Berachain
An EVM-compatible Layer 1 built on a novel "proof-of-liquidity" consensus, where validators are rewarded for directing liquidity to applications. Launched in 2025 with a strong DeFi-native focus.
Proof-of-Liquidity
Berachain's signature design is "Proof-of-Liquidity" (PoL), a consensus mechanism that ties block-production rewards to liquidity provision rather than pure stake.
The model uses three tokens:
- BERA — gas token, used to pay transaction fees.
- BGT (Bera Governance Token) — earned by liquidity providers in approved pools, used to vote on which pools receive future emissions.
- HONEY — overcollateralized stablecoin native to the chain.
Validators earn BGT, which they direct to specific liquidity pools (Curve-style "gauge" voting). The protocols whose pools receive more BGT votes get more emissions, attract more deposits, and pay validators in exchange.

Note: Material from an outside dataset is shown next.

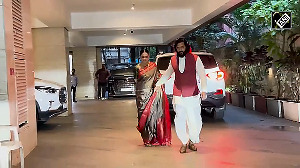 Riteish-Genelia Stun in Ethnic Marathi Look
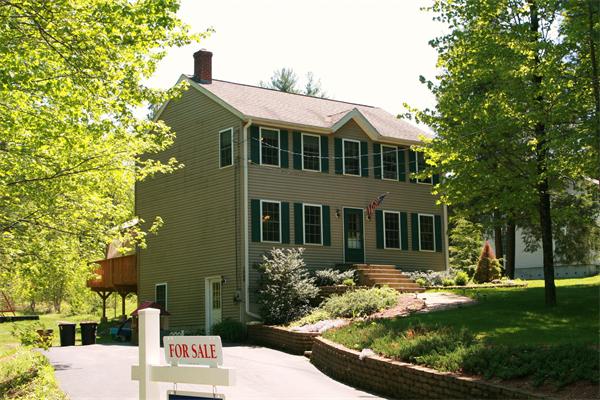 Real Estate for Sale, ListingId:17490102, location: 1088 Alger Street Winchendon 01475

The mechanism is designed to align validator incentives with where liquidity is actually needed in the ecosystem.
Why this design exists
The team's argument is that traditional proof-of-stake rewards capital sitting idle as stake, contributing nothing to the application layer. Proof-of-Liquidity instead pays out to capital that's actively making markets, lending, or providing trading liquidity. In effect it tries to bake the equivalent of yield farming incentives into the consensus layer rather than bolting them on as a separate token program.
Critics counter that the mechanism just shifts the same emissions toward DeFi participants in a way that may not actually be more economically productive — and that highly active DeFi-native validators may have advantages that work against decentralization.
Origins and launch
Berachain originated as an in-joke meme in the NFT collection Bong Bears (which itself originated as a parody of other NFT projects). The team behind it built a serious technical effort under the meme aesthetic, attracting venture funding and major exchange backing. Mainnet launched in February 2025 after two years of testnet activity.
Notable for the launch was the "Boyco" pre-launch program — users deposited liquidity into approved vaults and received Berachain tokens at TGE in proportion. Total Boyco TVL exceeded $3 billion, making it one of the largest pre-launch deposit campaigns in crypto history.
Ecosystem positioning
Berachain is EVM-compatible, so existing Solidity contracts deploy with no modifications. Early ecosystem activity has concentrated in DeFi (lending, AMMs, money markets) where the PoL model creates the strongest incentives. NFT and gaming activity has been lighter than on consumer-focused chains like Base or Solana.
Whether PoL works
The honest answer in early 2025 is that it's too soon to tell. PoL is a meaningful design experiment with theoretical advantages, but the empirical question — does it produce a healthier ecosystem long-term, or does it just redirect emissions to the same speculation patterns that haunted other DeFi cycles? — won't have a clear answer until several market cycles have passed.